The lawsuit directly challenges Francesca Albanese’s diplomatic immunity, potentially opening the door to more defamation suits against the UN official

U.N. Palestinian rights envoy Francesca Albanese was sued in federal court on Monday for waging a “defamatory, derogatory, and hateful” legal campaign against two pro-Israel nonprofit groups, according to a copy of the lawsuit obtained by the Washington Free Beacon. The case has the potential to challenge Albanese’s diplomatic immunity and open the door for further lawsuits.
The Christian Friends of Israeli Communities and Christians for Israel—two U.S.-based nonprofits that work to foster closer ties between American and Israeli communities—allege Albanese, whose formal title is U.N. special rapporteur on the occupied Palestinian territories, “knowingly spread malicious lies” when she threatened them earlier this year with potential “criminal liability” for their work in support of the Jewish state. Both nonprofit groups say Albanese’s lawfare campaign harmed “their reputations and financial wellbeing” and warrant “compensatory and punitive damages.”
The lawsuit stems from a series of “threatening letters” Albanese sent to corporations and nonprofits across the globe over the summer in which she warned organizations to cut business ties with Israel or face legal repercussions. The intimidation campaign drew a private rebuke from the Trump administration in April, which formally petitioned the United Nations to fire Albanese, and played a role in the State Department’s subsequent decision to sanction her for waging an “illegitimate and shameful” anti-Israel crusade.
The first-of-its-kind lawsuit takes aim at Albanese’s diplomatic immunity, which plaintiffs believe the official has abused.
The pro-Israel groups argue Albanese violated the United Nations’ Code of Conduct by spreading “Jew-hatred” in numerous public spaces over the years. Her legal campaign also took place during a time when her role as a special rapporteur had lapsed, meaning her diplomatic immunity had expired as well, plaintiffs allege.
Albanese’s position was up for renewal by the United Nations during the time she issued the legal threats and compiled the July report. The United Nations only voted to reinstall her in April 2025, after the letters had been sent and multiple nations, including the United States, objected to her continued employment.
Albanese’s mandate “legally expired on April 30, 2025 and she held neither official UN status nor any arguable immunity as of May 1, 2025,” the plaintiffs argue. “Though published under the guise of an official UNHRC report, [Albanese’s] appointment as Special Rapporteur had legally expired prior to the Report’s publication in June.”
Should the two nonprofit groups succeed, they could set the stage for other American entities named in Albanese’s report to sue for defamation. The Trump administration’s Justice Department formally warned Albanese of those potential consequences earlier this year, telling the U.N. staffer her legal campaign was “defamatory, dangerous, and a flagrant abuse of [her] office.”
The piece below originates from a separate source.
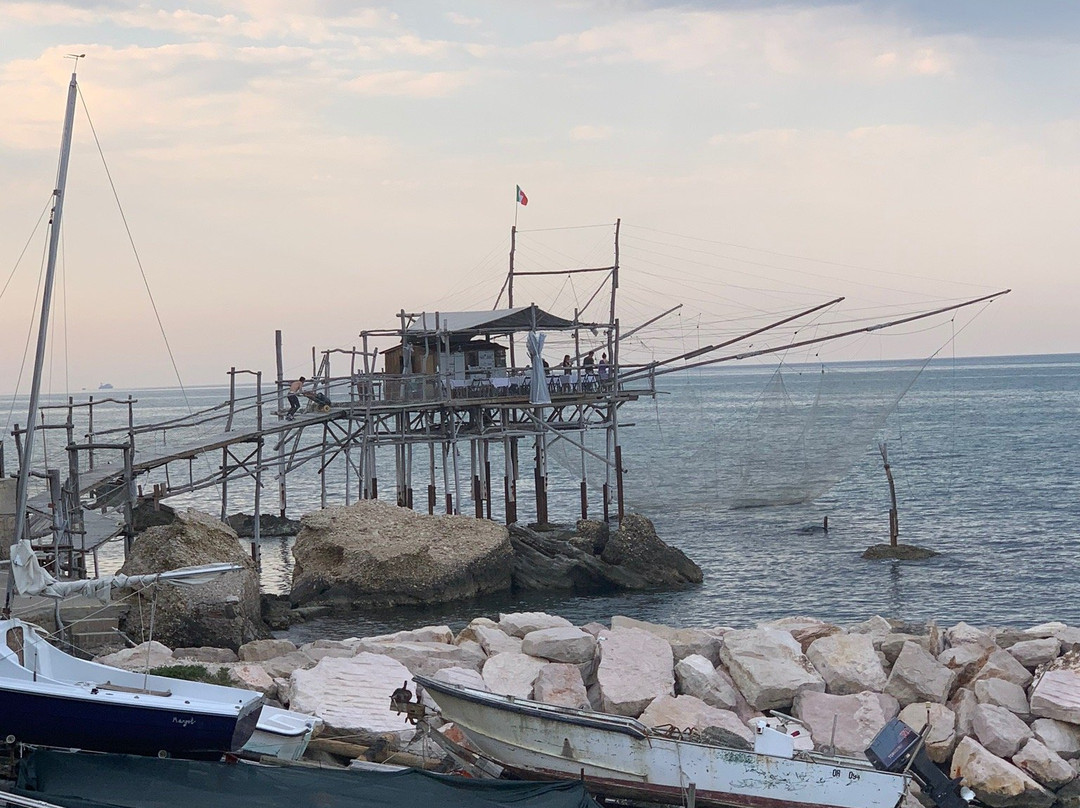Parco Costa dei Trabocchi-Ortona必去景点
Now, an American court will decide whether that is the case.
“If a racist anti-Semite gains a position of power and proceeds to abuse the public platform she enjoys to perpetuate lies about American religious organizations for their compassion toward and allyship with the Jewish people and the Jewish State of Israel by smearing them as genocide-enablers, and calling for them to be blacklisted and sanctioned, she can and should be held liable for defamation,” Rachel Sebbag, litigation counsel with the National Jewish Advocacy Center—an organization representing the plaintiffs—told the Free Beacon.
Albanese sent both U.S. nonprofits legal letters in late April in which the U.N. official accused them of facilitating “gross violations of human rights, including funding of illegal settlements activities, which constitute a war crime in and of itself.” She intended to put the organizations’ leaders “on notice of a serious risk of being implicated in international crimes,” according to copies of the warning letters included in the lawsuit.
Christians for Israel refuted these claims in a May 19 response to Albanese, asking her to furnish any evidence behind “such astonishing, false accusations,” according to the suit. Albanese never responded to that letter and went on to publish her report, “From economy of occupation to economy of genocide,” the following month.
Albanese also accused both groups of “committing tax fraud by violating regulations governing charitable organizations through their support of Israel” by being “Faith-based charities” that serve as “key financial enablers of illegal projects” in the Jewish state.
Albanese requested the United Nations and international courts blacklist the entities named in her report and begin legal proceedings against them “for their part in the commission of international crimes and laundering of the proceeds from those crimes.”
For Eugene Kontorovich, a professor at George Mason University’s Antonin Scalia Law School, the two nonprofits’ lawsuit is a promising effort to challenge the blanket immunity offered to U.N. officials and organizations.
“Some of the vilest antisemites and terror supporters have sought to shield themselves from accountability for their actions by hiding behind the UN flag. But as [the U.N. Relief and Works Agency for Palestine Refugees in the Near East],” the humanitarian organization linked to Hamas, “recently discovered, automatic immunity for anyone claiming a UN affiliation is over.”
The Trump administration, he added, “has commendably sanctioned Albanese, but the American citizens she has harmed deserve direct justice.”